What you will do: Copy out the entries that follow exactly, leaving every picture behind.
___ Provided entries
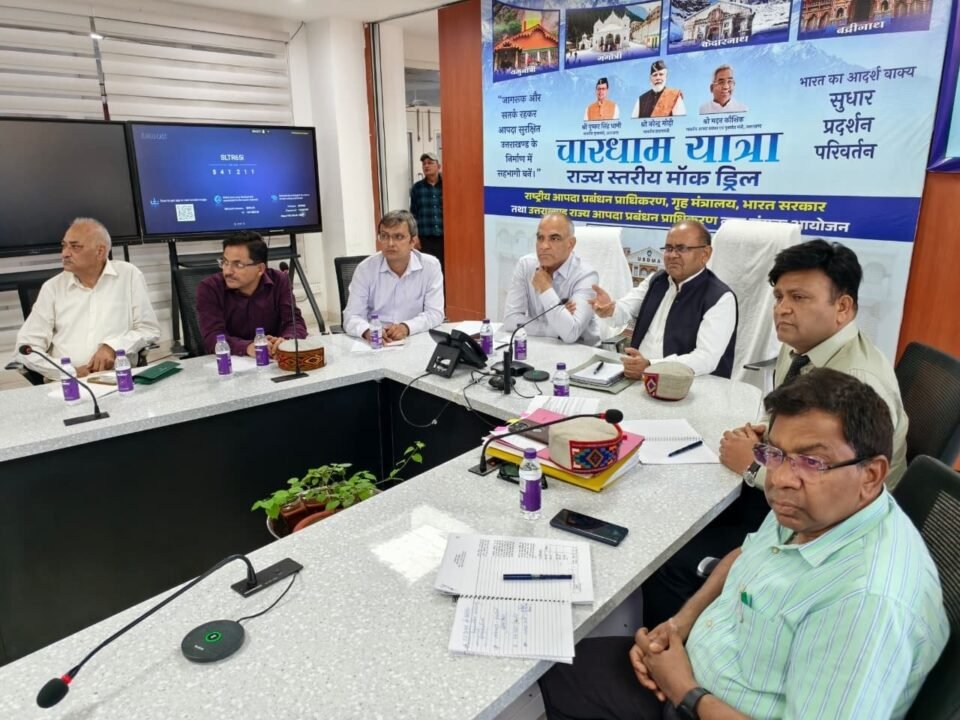 Uttarakhand and Himachal Pradesh will enhance mutual cooperation.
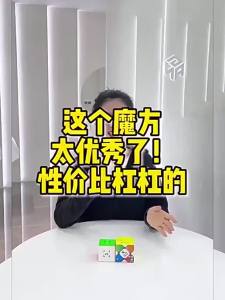 Gan | Professional Competition Speed Cube Intellectual Toy for Children 3x3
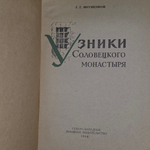 Г.Г.Фруменков. Узники Соловецкого монастыря
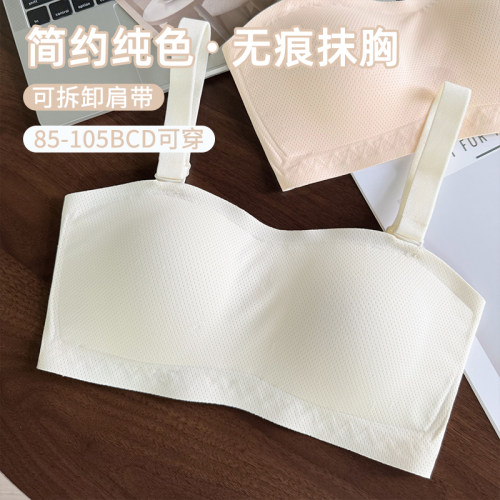 挖到宝！两穿的无钢圈舒适内衣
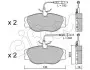 Фото Колодки гальмівні (передні) Citroen Jumpy/Evasion/Fiat Scudo/Peugeot Expert/806 95-06 (+датчики) CIFAM (822-072-3) зображення 1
______
Written reply:
 Uttarakhand and Himachal Pradesh will enhance mutual cooperation.
 Gan | Professional Competition Speed Cube Intellectual Toy for Children 3x3
 Г.Г.Фруменков. Узники Соловецкого монастыря
 挖到宝！两穿的无钢圈舒适内衣
 Фото Колодки гальмівні (передні) Citroen Jumpy/Evasion/Fiat Scudo/Peugeot Expert/806 95-06 (+датчики) CIFAM (822-072-3) зображення 1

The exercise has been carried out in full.